§ **Supplied records**
=-=-=
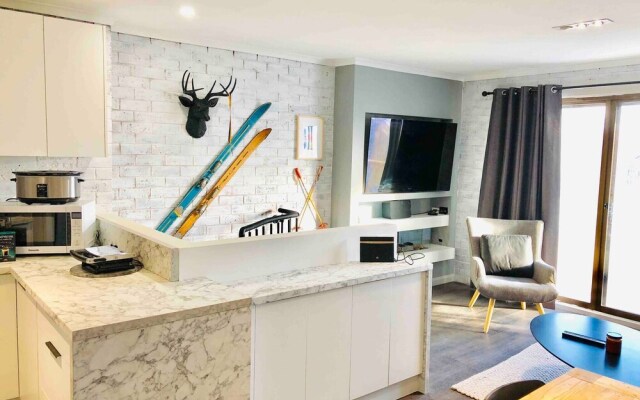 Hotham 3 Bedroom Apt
=-=-=
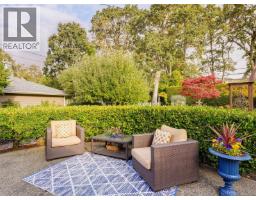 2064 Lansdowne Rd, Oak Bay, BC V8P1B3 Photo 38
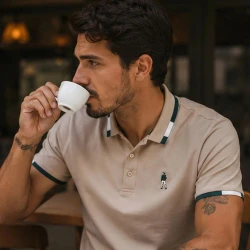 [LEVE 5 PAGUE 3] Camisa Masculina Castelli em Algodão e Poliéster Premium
=-=-=
The stretch to restate runs from the line above containing "2064 Lansdowne Rd, Oak" through the line containing "[LEVE 5 PAGUE". Copy it word for word, ends included, without pictures.

 2064 Lansdowne Rd, Oak Bay, BC V8P1B3 Photo 38
 [LEVE 5 PAGUE 3] Camisa Masculina Castelli em Algodão e Poliéster Premium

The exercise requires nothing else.